This episode comes back to a place which many previous episodes of the show have brought up. As I pointed out in earlier reviews for this season, they seem to be revisiting some older material from the show. In this case, I'm alright with it though. The reason is that every time they mention this place, there seems to be something else cool to learn about it. This place is so awesome looking that it makes me want to actually go there one day if they allow tourism in that area. And that's rare for me. There's good reason though. If any place I've ever seen or heard of makes a good argument for the ancient aliens theory, it's Puma Punku.

Puma Punku is located in Bolivia and is only around a quarter of a mile away from another famous ancient sight; Tiahuanaco. The funny thing is that on the show, they talk about Puma Punku being potentially much older than Tiahuanaco and that carbon dating has been unsuccessful so far in finding a definitive answer as to the age of the stones in Puma Punku. Yet if you look this up on say Wikipedia, you'll find that they consider Puma Punku as a part of Tiahuanaco and as such, from the same time period. Now, I'm by no means an expert in this type of thing, but I would think that common sense would dictate that this isn't right. All you have to do is look at the ruins of each place, and I think that although they are both impressive looking for ancient civilizations, it quickly becomes clear that these places were not built by the same people. The craftsmenship at Puma Punku is seemingly soley geometric while Tiahuanaco is more artistic in nature. Also, the size and type of stones seem to differ greatly between the two. At one point in the episode, they examine the tool markings or at least try to for Puma Punku. It would have been nice to see them do the same for Tiahuanaco to at least demonstrate the difference between the two sites if nothing else.

Another thing which we saw in this episode which others hadn't touched on was the possible uses of the "H stones" from Puma Punku. The H stones are built with such precision and uniformity that it seems as if they were prefabricated and look as if they were made using machining. I've always found that to be extremely interesting no matter how old the ruins may actually be. Anyway, they had a couple different theories. One expert thought that the dove tailing which was present in each H stone or block was an indication of an intent to lock something in place such as a hinge for giant doors. This theory was interesting, but if correct I'd say that judging by the rows of H blocks there would have to have been a lot of doors there in a row. So, I'm not completely confident in that one. Another theory was that the H blocks were part of a runway and were placed in such a way as to run a skid down them for some type of air craft. Well, this one seems worse than the last one to me, because this would imply that the H blocks would have to lay flat and all or at least most of them do not appear to be in that position or meant to be in that position. Also, that would not explain the dove tailing built in which the previous expert pointed out. If you want something to go smoothly down a runway, adding in something which would potentially lock something into place and at the very least one would think would be a hindrence to speed and certainly not a help, would not make sense. Still, these theories were interesting, because we got to learn more things about the H blocks. However, I should point out the one low point for me as a viewer with this part of the episode. They went back to the theory about the ancient airplane. If you've watched the show, you probably know what I'm talking about. You can usually see a small scale representation of the thing in the form of a pendant which Georgio, one of the experts and head of Legendary Times magazine I believe, wears on his lapel in many episodes. This thing is interesting from an aerodynamic standpoint, but to assume it had anything to do with Puma Punku would be asking a bit much since I believe it originally was found in Egypt. And they didn't directly say that it had anything to do with Puma Punku, but they did use a model of it for their demonstration with a hypothetical runway and I just found that to be a bit gimicky personally.
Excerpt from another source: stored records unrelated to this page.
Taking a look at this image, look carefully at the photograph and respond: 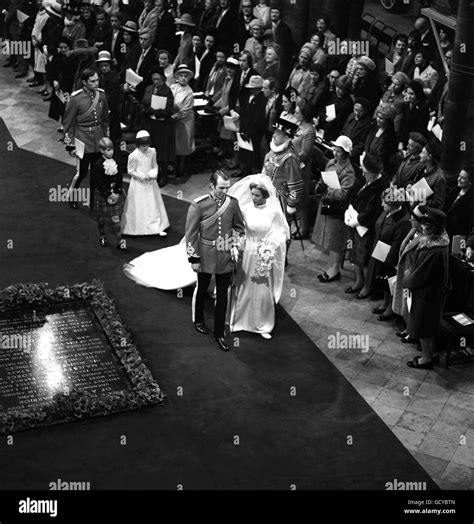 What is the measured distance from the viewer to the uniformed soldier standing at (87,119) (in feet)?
51.7

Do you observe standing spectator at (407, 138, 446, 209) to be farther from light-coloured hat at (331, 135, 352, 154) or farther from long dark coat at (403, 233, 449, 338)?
long dark coat at (403, 233, 449, 338)

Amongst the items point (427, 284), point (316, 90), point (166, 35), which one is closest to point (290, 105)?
point (316, 90)

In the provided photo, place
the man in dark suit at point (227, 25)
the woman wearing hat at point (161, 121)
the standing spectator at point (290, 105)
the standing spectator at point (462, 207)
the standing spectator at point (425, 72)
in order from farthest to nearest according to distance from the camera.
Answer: the man in dark suit at point (227, 25)
the woman wearing hat at point (161, 121)
the standing spectator at point (425, 72)
the standing spectator at point (290, 105)
the standing spectator at point (462, 207)

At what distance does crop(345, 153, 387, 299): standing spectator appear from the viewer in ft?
43.9

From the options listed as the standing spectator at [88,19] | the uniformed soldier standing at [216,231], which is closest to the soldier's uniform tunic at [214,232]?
the uniformed soldier standing at [216,231]

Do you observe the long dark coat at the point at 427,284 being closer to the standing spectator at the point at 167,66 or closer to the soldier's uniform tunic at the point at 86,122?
the soldier's uniform tunic at the point at 86,122

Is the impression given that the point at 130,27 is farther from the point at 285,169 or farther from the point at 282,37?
the point at 285,169

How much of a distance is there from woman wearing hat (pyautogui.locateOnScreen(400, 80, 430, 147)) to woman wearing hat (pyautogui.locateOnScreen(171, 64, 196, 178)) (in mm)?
3573

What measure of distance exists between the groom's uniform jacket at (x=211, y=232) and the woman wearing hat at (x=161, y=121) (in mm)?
4864

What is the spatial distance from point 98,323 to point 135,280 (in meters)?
1.37

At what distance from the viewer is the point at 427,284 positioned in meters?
12.1

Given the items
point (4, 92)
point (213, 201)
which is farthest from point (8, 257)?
point (4, 92)

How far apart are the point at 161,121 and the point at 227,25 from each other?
3.31 metres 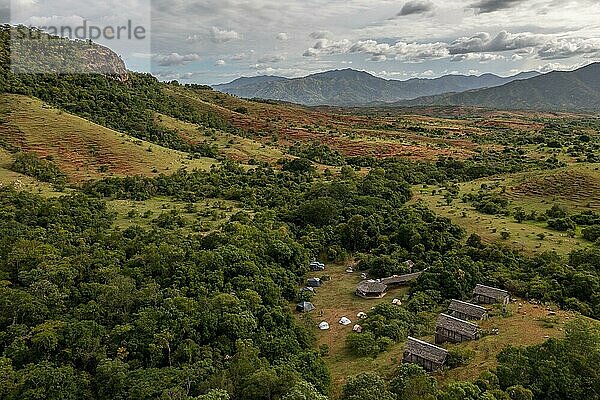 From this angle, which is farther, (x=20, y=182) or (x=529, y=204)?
(x=529, y=204)

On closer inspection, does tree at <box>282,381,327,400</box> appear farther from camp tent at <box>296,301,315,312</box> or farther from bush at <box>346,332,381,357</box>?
camp tent at <box>296,301,315,312</box>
Next, the focus shifted to how Puma Punku was destroyed. Well, nobody knows for sure what happened. It's clear that something tore the place apart though. The theories seem to range from alien blasters to flooding to earth quakes to an asteroid or some combination there of. I'm not as interested in how the place was destroyed as what it's original purpose was and how it was made in the first place. Sadly, if we ever get a definite answer to that one, it seems that it won't be for quite some time.

I would say that this episode was pretty good overall. My main concern at this point is the same as with the first four episodes though. Are they running out of material? Maybe that might be one reason for the shift from History to History Two. I don't know. So far, they've managed to keep the show interesting enough this season though. And in fact, I think it's been an improvement so far over the last several episodes of season two. I just hope that they can continue to find new material and do a good job with it and not resort to just completely hair brained and ridiculous claims as some times happens and I felt happened far too often at the end of last season. It's one thing to look at evidence and form a theory. It's another thing entirely to go off of no evidence, form a theory, and then act as if it were known fact. That's the tight rope that this show has to walk all the time though. That and being careful not to run out of hairspray for Georgio's hair. Just kidding Georgio. We love you.